For HD, choke is nigh meaningless, almost all shots at at ranges so close that the shot charge hits as a semi solid mass. Here, the longest shot possible in Casa McC would mean the pattern from my chokeless(Cylinder bore) HD 870 runs 3-5", the size of a shirt pocket.

October 16, 2001, 07:13 AM

It is interesting that you should ask about the Bakail.
I just shot mine for the 2nd time Sunday.

I, too, wanted a nice double, but had to keep the cost within reason.
I had previously had a Stoeger o/u, but it swung like a lead pipe.
The Bakail sxs seems to be better balanced and finished.

(It seems to me, that if there is any problem with a given gun, or only one lemon at the factory, I will find it.)
I found a small problem with mine the first time I shot it.
If I had the right barrel selected, and fired the right barrel, sometimes the trigger would not reset, and I couldn't fire the left barrel.
If the selector was set to fire the left side first, the gun appeared to work ok, with both barrels firing as needed.
I boxed it up and shipped it back to the factory.
Got it back about 3 weeks later.
It has been in the safe for several months, just no time to shoot it. (I know, not smart.)

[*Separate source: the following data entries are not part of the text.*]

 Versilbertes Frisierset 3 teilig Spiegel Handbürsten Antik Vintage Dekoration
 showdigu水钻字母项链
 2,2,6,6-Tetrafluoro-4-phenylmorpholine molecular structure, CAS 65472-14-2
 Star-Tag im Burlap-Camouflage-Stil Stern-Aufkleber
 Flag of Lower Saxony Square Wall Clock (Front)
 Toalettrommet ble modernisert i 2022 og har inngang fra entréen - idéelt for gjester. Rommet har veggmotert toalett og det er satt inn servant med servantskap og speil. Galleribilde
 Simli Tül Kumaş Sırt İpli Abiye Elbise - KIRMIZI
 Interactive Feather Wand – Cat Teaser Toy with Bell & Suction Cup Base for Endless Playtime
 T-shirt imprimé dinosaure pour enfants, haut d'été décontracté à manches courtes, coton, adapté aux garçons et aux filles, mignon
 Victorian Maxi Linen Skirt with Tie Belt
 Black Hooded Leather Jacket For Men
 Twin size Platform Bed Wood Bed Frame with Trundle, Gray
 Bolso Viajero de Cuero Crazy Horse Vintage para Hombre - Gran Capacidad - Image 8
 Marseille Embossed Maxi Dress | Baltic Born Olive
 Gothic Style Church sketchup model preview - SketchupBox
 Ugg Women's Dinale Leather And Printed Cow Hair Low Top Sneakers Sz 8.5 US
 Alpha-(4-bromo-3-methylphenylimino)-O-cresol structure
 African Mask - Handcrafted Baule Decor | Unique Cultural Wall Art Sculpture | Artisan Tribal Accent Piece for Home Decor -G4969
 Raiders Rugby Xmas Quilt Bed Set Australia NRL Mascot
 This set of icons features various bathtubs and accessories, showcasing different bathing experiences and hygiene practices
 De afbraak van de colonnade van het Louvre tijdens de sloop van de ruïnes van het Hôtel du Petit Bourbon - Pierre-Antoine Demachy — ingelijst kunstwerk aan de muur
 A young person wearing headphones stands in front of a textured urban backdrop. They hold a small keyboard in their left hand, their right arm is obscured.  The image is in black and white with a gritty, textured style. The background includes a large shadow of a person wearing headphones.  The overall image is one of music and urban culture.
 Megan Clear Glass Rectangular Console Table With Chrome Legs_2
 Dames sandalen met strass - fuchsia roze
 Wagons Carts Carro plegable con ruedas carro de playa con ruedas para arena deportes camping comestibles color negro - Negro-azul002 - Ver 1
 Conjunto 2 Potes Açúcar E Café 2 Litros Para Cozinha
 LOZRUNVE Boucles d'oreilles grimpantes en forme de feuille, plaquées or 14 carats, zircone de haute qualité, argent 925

Took it out Sunday, with the selector set to the right side, and guess what....? The problem is still there.
Well, rather than fight it, I'm going to leave the selector set to the left.
There is a chance that the problem will go away when the gun is broken in.
I'll have to shoot a few 100 rounds through it before I am comfortable with it.
For my needs and budget, I think it will be ok.

Good luck,

October 16, 2001, 10:50 AM
Thanks guys.

I think I am getting it :D

I must admit, that I am learning a lot by reading all of this and occassionally something really clicks.

Mini, I don't like the sound of that problem you are having with the Baikal :eek:

When I go back to my local store, I am going to take a very long hard look as to why I shouldn't buy the Remi 870. ;)

Dave McC
October 16, 2001, 11:47 AM
J, there's gotta be a reason to not get an 870 but damfino it.

A case can be made that any shotgun battery w/o an 870 is not nearly as versatile and durable as it should be.

In fairness, there's other pumps out there, lots of folks whose opinions I respect give the newer Winchesters, Mossies and Ithacas high marks. The ones I've shot have done everything I wanted them to.

But, with the proven track record of the 870, it's hard for me to consider another pump.